## WHAT IS EXPECTED
Below is a listing; restate from it, character for character, the lines beginning at the line holding "3105 Woodlawn Ave, Columbus, GA" and ending at the line holding "White mug with", both included.

## DATASET CONTENT
++++++
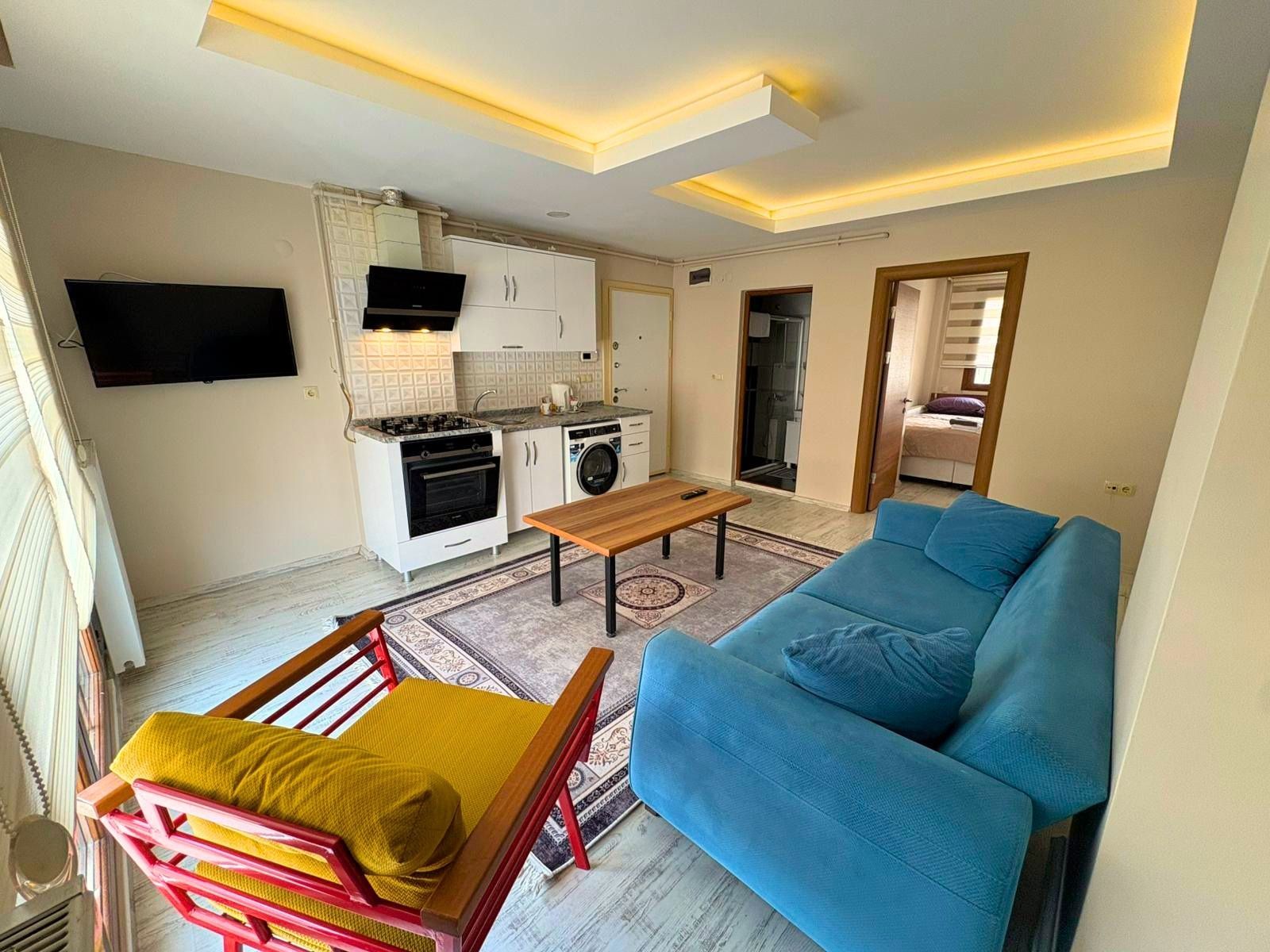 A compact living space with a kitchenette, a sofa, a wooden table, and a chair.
++++++
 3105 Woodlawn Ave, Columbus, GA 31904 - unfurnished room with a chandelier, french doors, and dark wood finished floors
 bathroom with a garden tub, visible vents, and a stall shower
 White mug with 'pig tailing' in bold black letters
++++++
## EXPECTED ANSWER
 3105 Woodlawn Ave, Columbus, GA 31904 - unfurnished room with a chandelier, french doors, and dark wood finished floors
 bathroom with a garden tub, visible vents, and a stall shower
 White mug with 'pig tailing' in bold black letters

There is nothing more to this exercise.